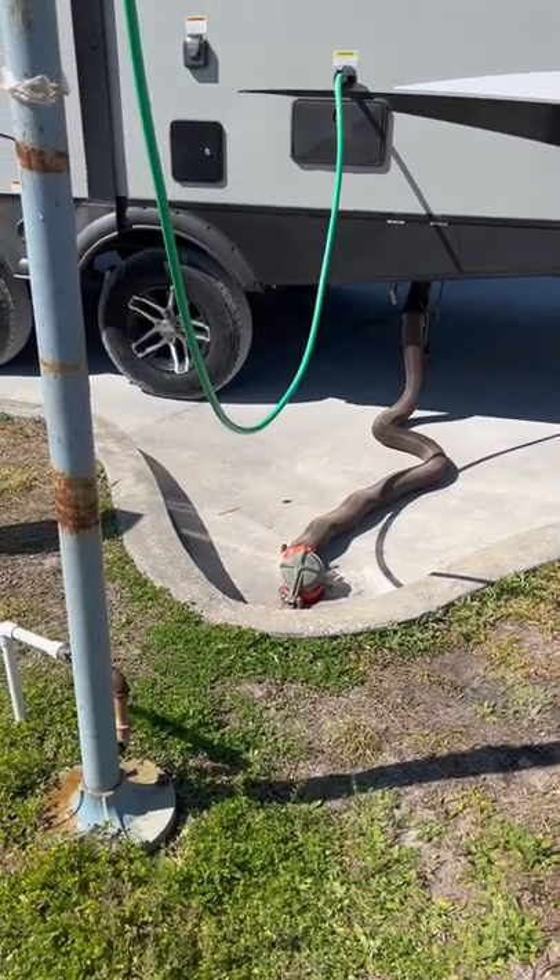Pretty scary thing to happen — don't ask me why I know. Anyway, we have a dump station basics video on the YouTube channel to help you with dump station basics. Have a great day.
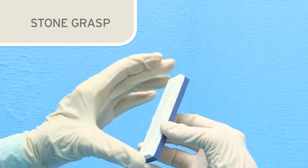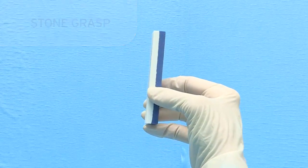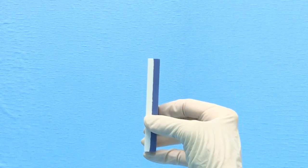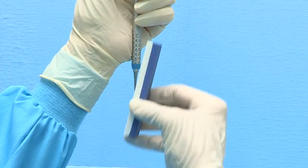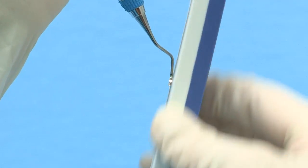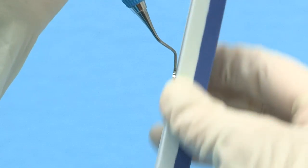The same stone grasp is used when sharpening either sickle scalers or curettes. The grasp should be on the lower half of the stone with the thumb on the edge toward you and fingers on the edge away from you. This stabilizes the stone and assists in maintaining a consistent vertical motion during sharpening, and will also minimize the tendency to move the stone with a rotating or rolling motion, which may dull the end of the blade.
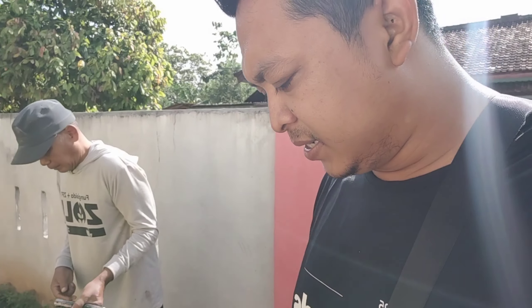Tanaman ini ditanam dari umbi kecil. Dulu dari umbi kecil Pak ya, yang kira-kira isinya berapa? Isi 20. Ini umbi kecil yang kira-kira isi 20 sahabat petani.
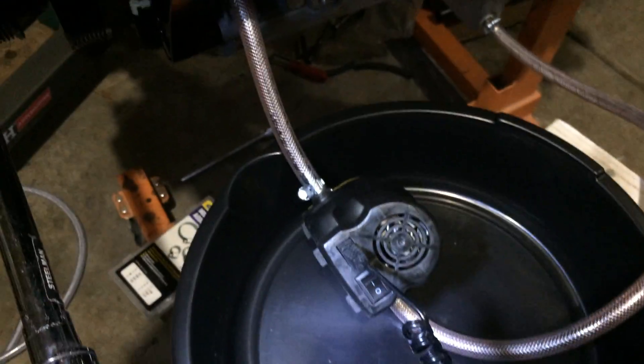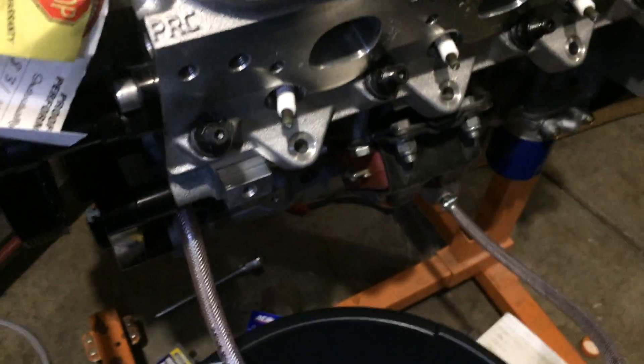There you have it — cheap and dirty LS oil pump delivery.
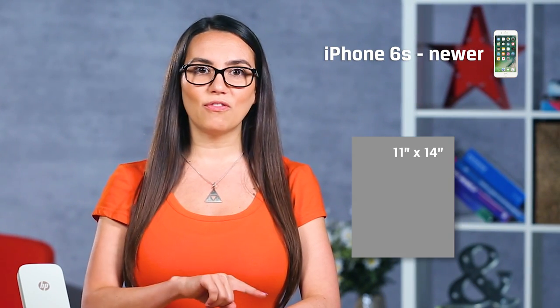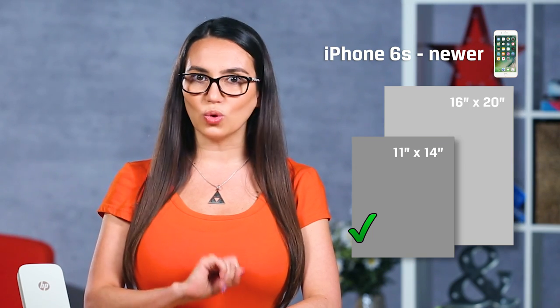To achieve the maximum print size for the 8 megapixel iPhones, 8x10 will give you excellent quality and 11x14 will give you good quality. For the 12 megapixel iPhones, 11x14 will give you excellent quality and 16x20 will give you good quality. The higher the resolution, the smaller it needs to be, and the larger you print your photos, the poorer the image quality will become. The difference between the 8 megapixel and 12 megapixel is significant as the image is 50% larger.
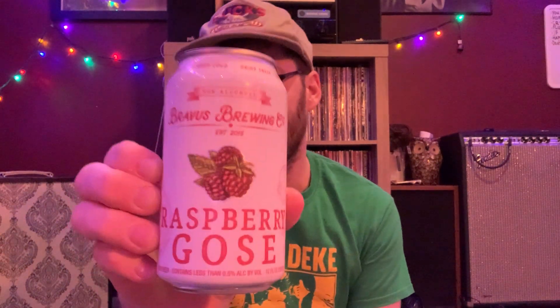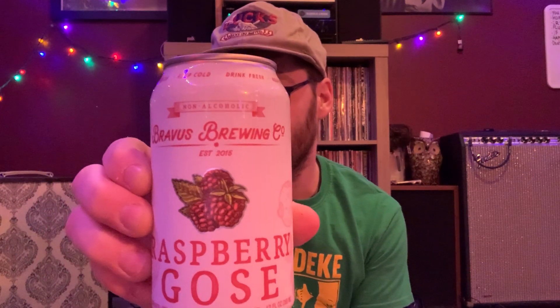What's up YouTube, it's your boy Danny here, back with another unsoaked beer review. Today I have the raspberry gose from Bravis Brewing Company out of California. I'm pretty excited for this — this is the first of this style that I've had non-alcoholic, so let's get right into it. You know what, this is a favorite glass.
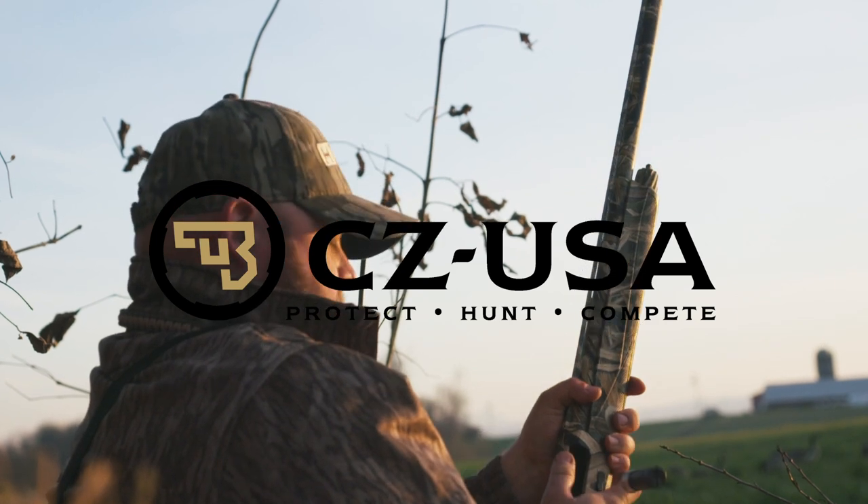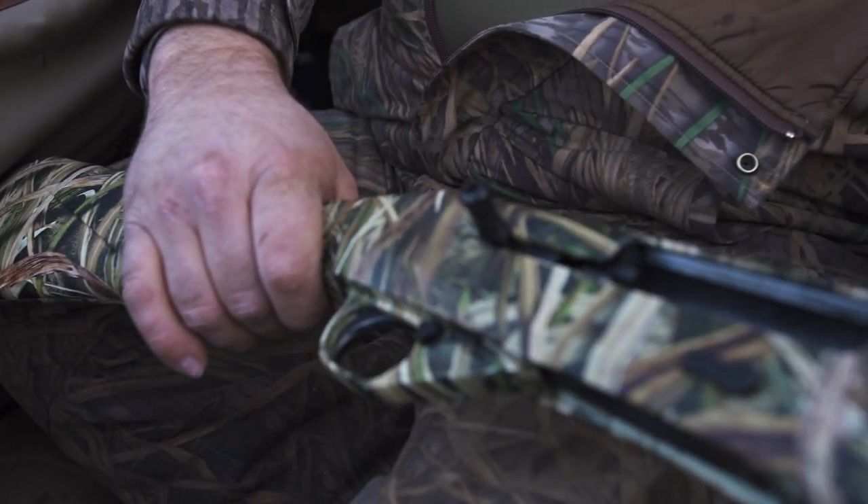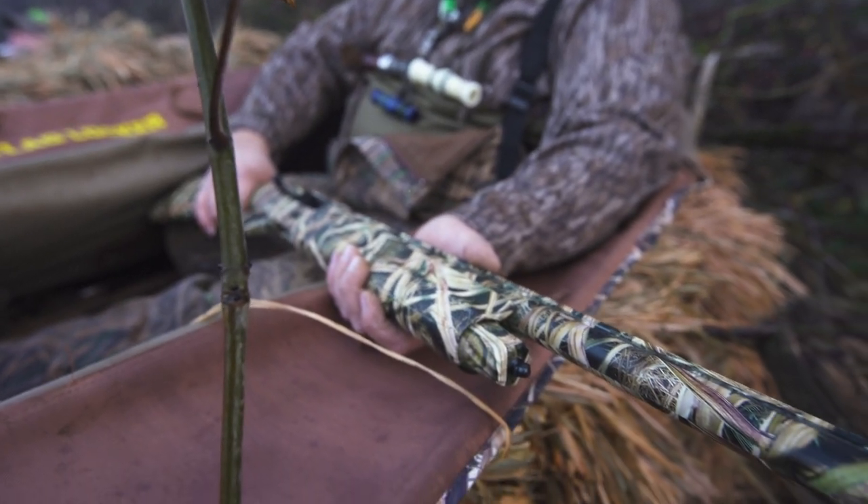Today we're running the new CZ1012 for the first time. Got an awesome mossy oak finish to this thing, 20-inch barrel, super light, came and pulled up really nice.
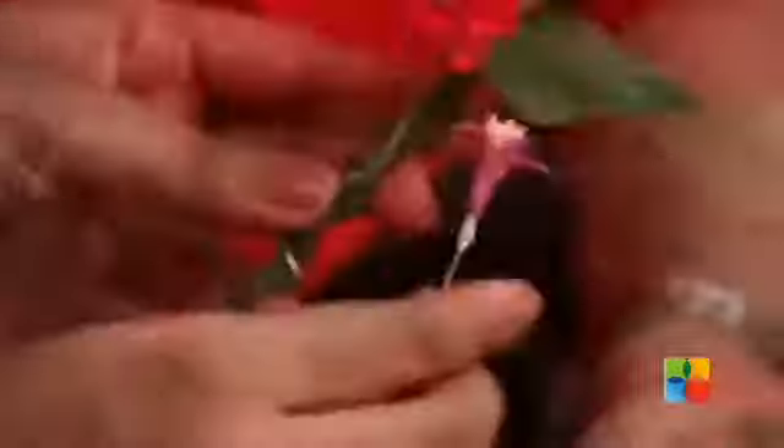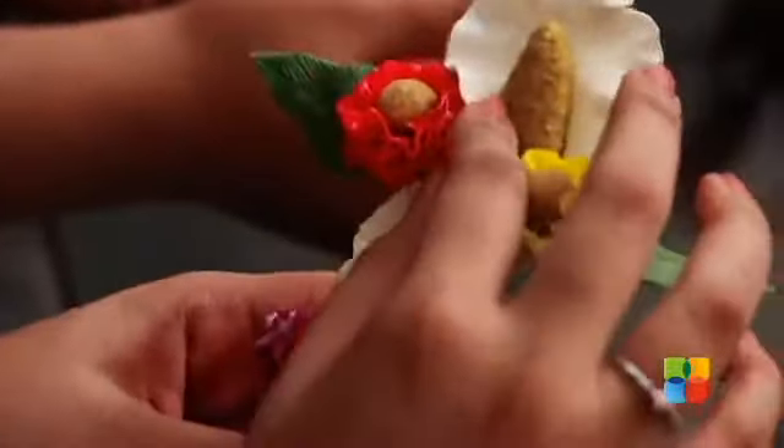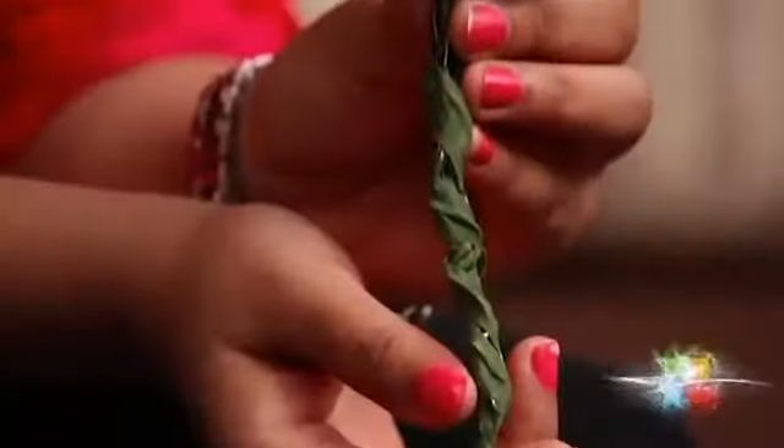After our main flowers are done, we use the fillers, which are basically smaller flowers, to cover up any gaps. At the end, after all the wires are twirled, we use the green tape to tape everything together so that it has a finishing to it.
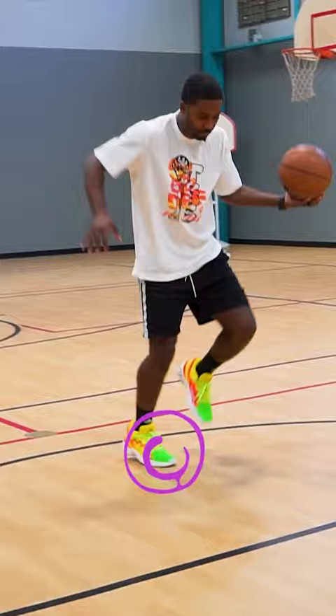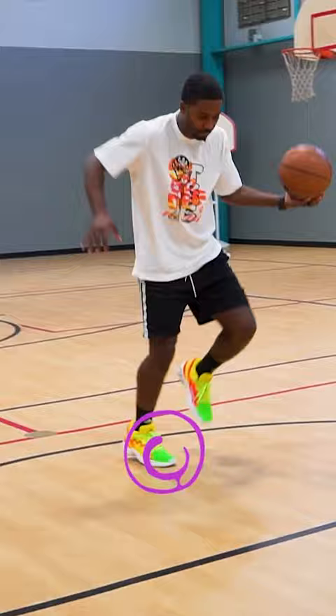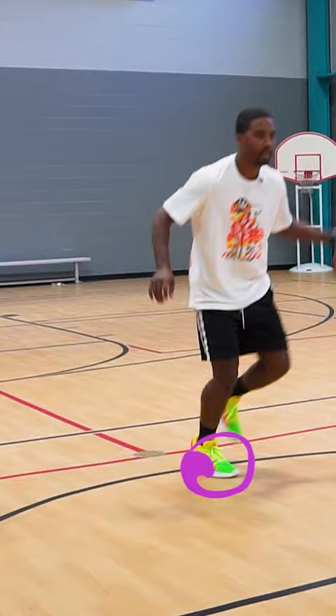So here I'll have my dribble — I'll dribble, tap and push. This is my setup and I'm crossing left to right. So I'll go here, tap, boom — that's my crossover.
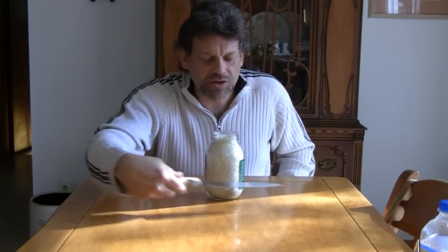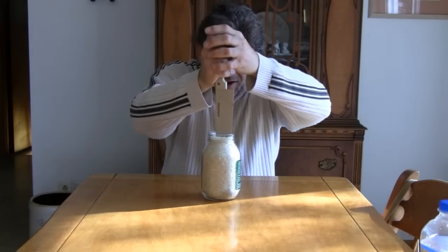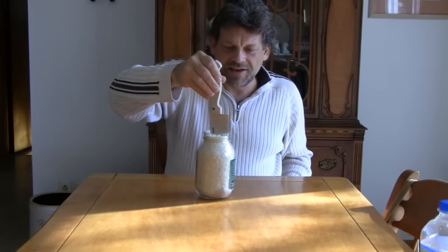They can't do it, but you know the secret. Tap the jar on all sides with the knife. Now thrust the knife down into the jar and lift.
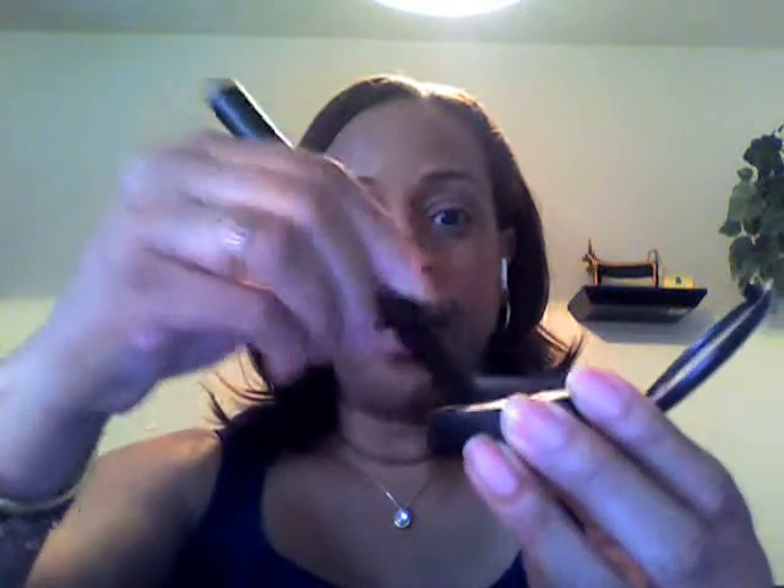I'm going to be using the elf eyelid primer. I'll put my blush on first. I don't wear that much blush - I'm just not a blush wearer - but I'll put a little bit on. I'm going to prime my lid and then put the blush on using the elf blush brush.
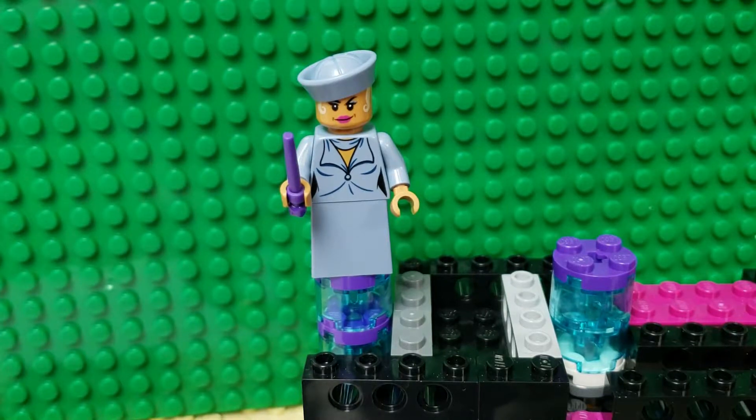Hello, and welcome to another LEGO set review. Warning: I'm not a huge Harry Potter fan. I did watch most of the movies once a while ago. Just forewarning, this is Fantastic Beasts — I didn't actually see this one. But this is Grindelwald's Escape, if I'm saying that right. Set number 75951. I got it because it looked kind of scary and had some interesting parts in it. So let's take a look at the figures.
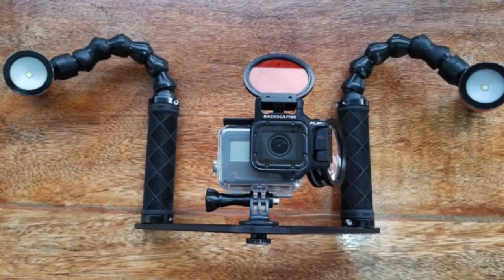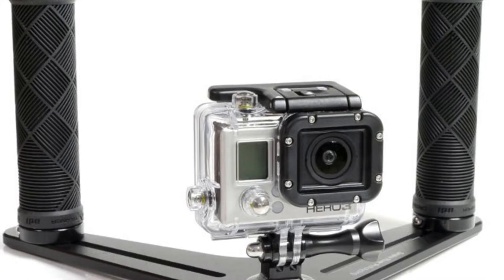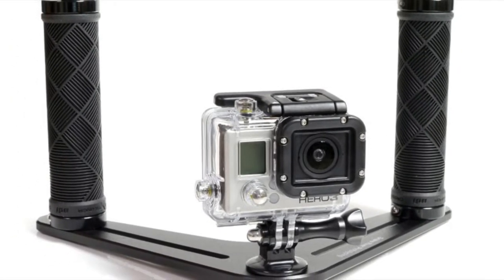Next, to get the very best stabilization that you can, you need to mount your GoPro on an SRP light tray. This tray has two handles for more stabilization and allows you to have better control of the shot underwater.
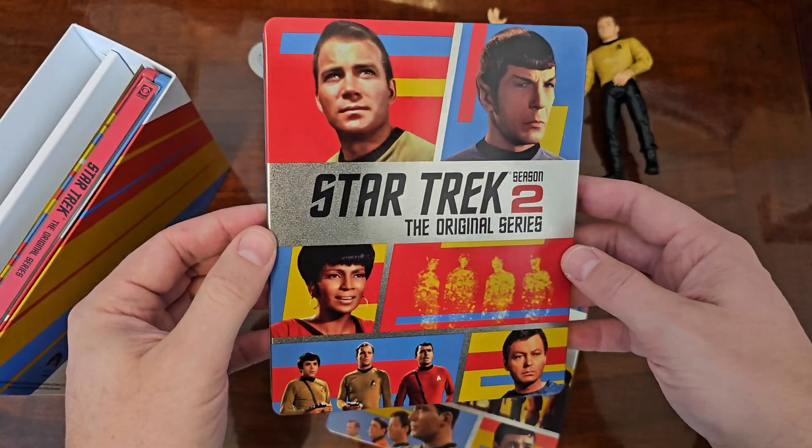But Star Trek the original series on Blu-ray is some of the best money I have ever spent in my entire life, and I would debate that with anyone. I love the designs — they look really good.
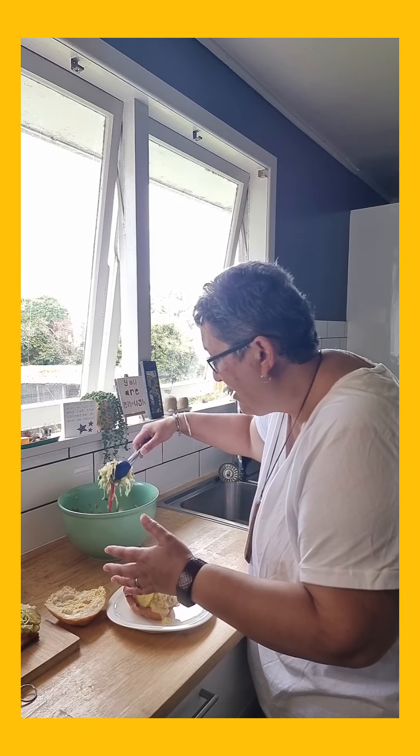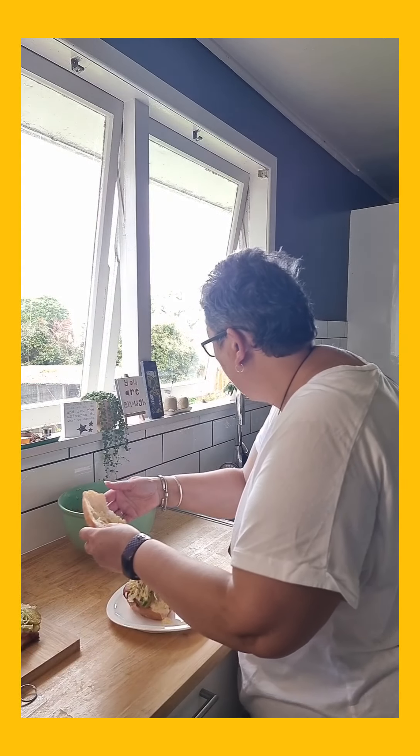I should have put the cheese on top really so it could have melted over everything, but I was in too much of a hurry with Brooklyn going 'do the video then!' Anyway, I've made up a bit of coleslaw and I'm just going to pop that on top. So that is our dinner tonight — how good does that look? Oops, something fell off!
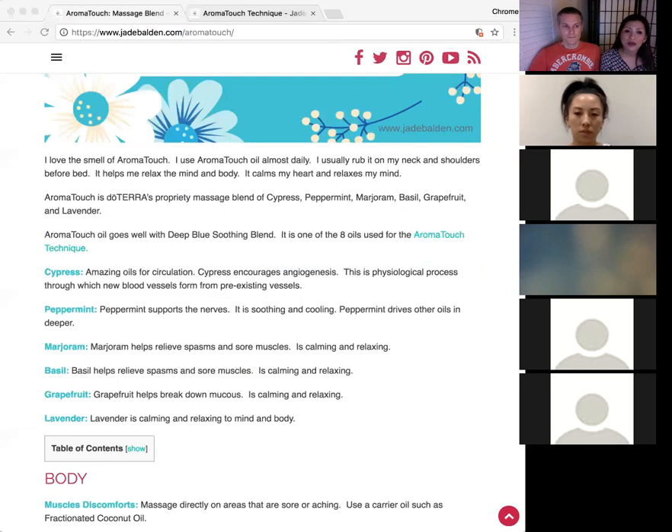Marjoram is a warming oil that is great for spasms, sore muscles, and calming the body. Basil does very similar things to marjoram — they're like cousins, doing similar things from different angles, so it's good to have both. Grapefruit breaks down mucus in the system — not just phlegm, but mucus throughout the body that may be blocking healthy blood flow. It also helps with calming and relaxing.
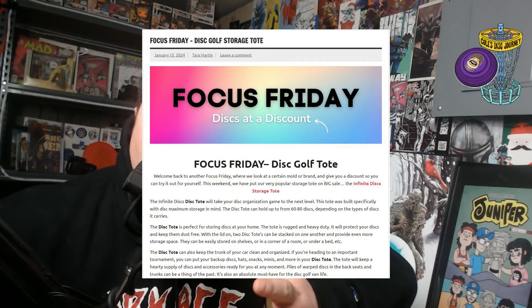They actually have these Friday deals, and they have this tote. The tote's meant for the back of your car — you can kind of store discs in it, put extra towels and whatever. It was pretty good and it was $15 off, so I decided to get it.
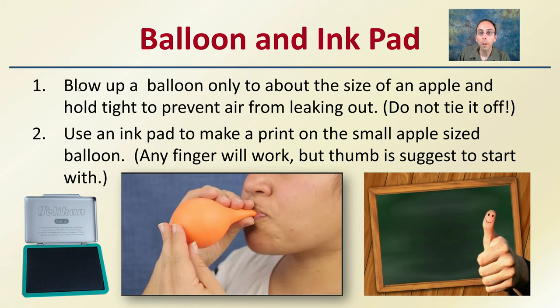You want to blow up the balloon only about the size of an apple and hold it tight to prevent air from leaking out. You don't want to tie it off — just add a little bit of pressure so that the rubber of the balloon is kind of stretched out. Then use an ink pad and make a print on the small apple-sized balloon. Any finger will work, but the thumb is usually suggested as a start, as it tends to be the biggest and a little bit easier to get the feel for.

※

* **What the exercise asks**
Give back exactly the lines from the line with "They actually have" through the end of the records, both included; keep all pictures out.

* **Problem solution**
They actually have these Friday deals, and they have this tote. The tote's meant for the back of your car — you can kind of store discs in it, put extra towels and whatever. It was pretty good and it was $15 off, so I decided to get it.
You want to blow up the balloon only about the size of an apple and hold it tight to prevent air from leaking out. You don't want to tie it off — just add a little bit of pressure so that the rubber of the balloon is kind of stretched out. Then use an ink pad and make a print on the small apple-sized balloon. Any finger will work, but the thumb is usually suggested as a start, as it tends to be the biggest and a little bit easier to get the feel for.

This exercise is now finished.